---------- Data for analysis

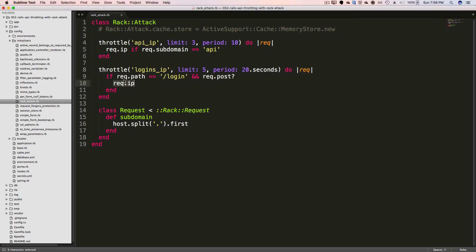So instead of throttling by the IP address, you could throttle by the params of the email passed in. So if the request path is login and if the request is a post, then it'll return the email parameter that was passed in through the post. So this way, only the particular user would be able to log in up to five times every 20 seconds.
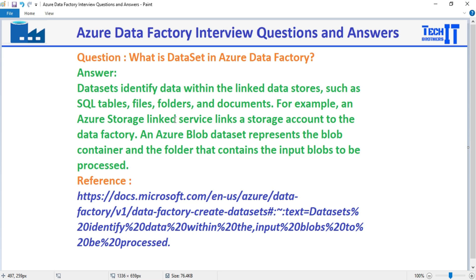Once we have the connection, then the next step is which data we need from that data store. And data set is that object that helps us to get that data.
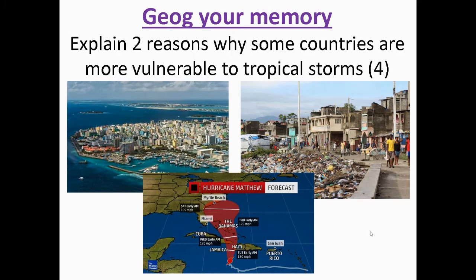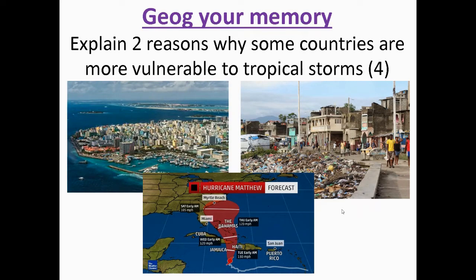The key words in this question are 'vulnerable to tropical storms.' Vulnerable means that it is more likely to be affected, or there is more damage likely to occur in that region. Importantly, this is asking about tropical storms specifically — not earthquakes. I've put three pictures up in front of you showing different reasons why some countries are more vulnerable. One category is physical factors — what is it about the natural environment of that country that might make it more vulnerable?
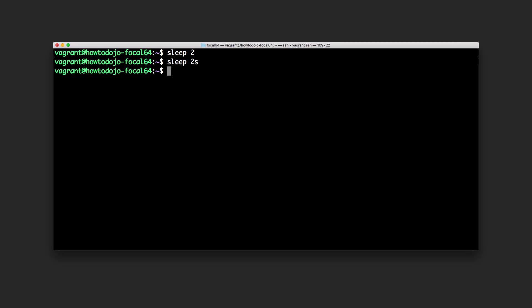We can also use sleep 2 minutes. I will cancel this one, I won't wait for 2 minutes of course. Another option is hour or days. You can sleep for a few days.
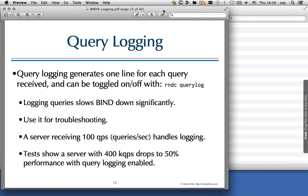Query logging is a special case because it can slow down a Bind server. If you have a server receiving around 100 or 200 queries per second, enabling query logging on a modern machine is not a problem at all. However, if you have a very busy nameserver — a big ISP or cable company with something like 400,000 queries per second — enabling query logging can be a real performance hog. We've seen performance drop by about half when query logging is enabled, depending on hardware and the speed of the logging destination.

--------------------

▸ Work order
Print, with pictures removed, exactly the lines of the records above from the top through the line containing "Once we have".

▸ Reply to the exercise
So instead of throttling by the IP address, you could throttle by the params of the email passed in. So if the request path is login and if the request is a post, then it'll return the email parameter that was passed in through the post. So this way, only the particular user would be able to log in up to five times every 20 seconds.
Once we have the connection, then the next step is which data we need from that data store. And data set is that object that helps us to get that data.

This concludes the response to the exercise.